University of Wisconsin hosting ‘Embodying Feminism’ conference to discuss ‘queer theory, disability studies, and fat studies’
‘We encourage proposals that explore transfeminism, queer theory, disability studies, and fat studies, especially those which explicitly bring focus to embodiment,’ the organizers write.
Several other schools are also hosting similar conferences on intersectionality.
The University of Wisconsin is hosting a conference on feminism featuring “queer theory, disability studies, and fat studies.”
The conference is titled “Embodying Feminism: Calling In, Calling Out, Calling to Action,” and is scheduled from April 10-12. It is hosted by the University of Wisconsin System’s Women’s and Gender Studies Consortium and the Office of the Gender and Women’s Studies Librarian, and will take place at the University of Wisconsin–Madison campus.
The conference aims to examine the idea of “embodiment” as part of feminist theory.
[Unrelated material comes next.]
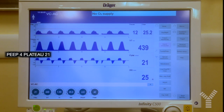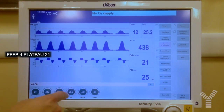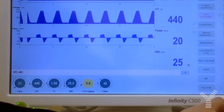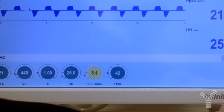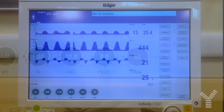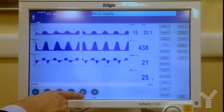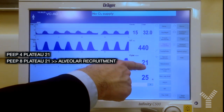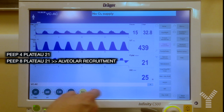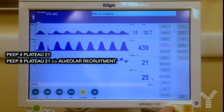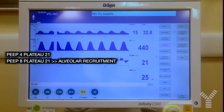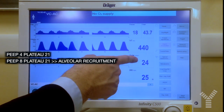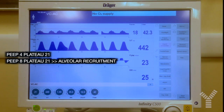Plateau pressure is currently 21 cmH₂O. We now increase PEEP by 4 cmH₂O and we see that even after the increase, plateau pressure is still 21. So we increase PEEP further, let's say to 12 cmH₂O, and plateau pressure increases by only 2 cmH₂O.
“This year, we dive into the concrete, physical ways we interact with the world and each other, how our lives are impacted by how we feel and move through spaces, and strategies to embody feminist ideals,” the event description states.
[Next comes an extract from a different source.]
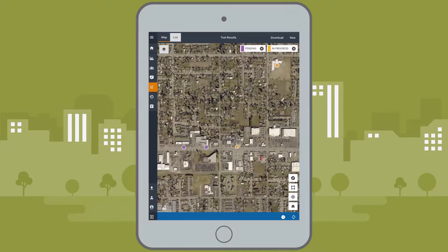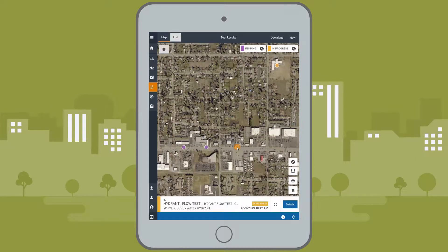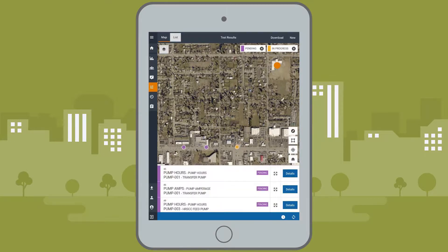Test results provide streamlined workflows for updating attributes and capturing asset condition without requiring a work order.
Proposals from participants will discuss “feminist embodiment” through “transnational, legal, political, reproductive, anti-carceral, digital, artistic, and pedagogical” lenses.
“We encourage proposals that explore transfeminism, queer theory, disability studies, and fat studies, especially those which explicitly bring focus to embodiment,” the description states.
The University of Wisconsin–Madison has covered similar intersectional themes on other occasions.
The school, for example, is currently offering a course on understanding “fatness” as it intersects with other “social justice” issues.
Students of “Framing Fatness: Gender, Size, Constructing Health” are studying how “fatness” supposedly “intersects with other systems like big pharma, the food industry, beauty industry, globalization, neoliberalism, and consumerism.”
In the fall semester, the university also offered courses on “Queering Ecofeminism” and “Gender, Sexuality, and Performance: Madison Trans and Queer Performance Activism.”
[RELATED: Barnard College’s ‘Borders and Bodies’ course goes straight for queer theory]
Other universities are hosting similar conferences. Southern Connecticut State University is planning an upcoming conference in April on the “intersections of gender, race, communities, and institutions,” and the University of Colorado Boulder is hosting a March conference on “TRANSforming Gender” that will discuss subjects like “queering biology” and “Decolonial and trans* of color critiques.”
Campus Reform contacted the University of Wisconsin-Madison for comment. This story will be updated accordingly.